• Problem details: Provide the data again exactly, including every line that follows.
Segment Start: Supplied information
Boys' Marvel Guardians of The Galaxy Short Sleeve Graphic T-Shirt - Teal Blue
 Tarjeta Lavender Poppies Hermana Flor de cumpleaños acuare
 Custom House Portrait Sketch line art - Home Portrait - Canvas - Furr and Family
Segment End: Supplied information
• Solution below:
Boys' Marvel Guardians of The Galaxy Short Sleeve Graphic T-Shirt - Teal Blue
 Tarjeta Lavender Poppies Hermana Flor de cumpleaños acuare
 Custom House Portrait Sketch line art - Home Portrait - Canvas - Furr and Family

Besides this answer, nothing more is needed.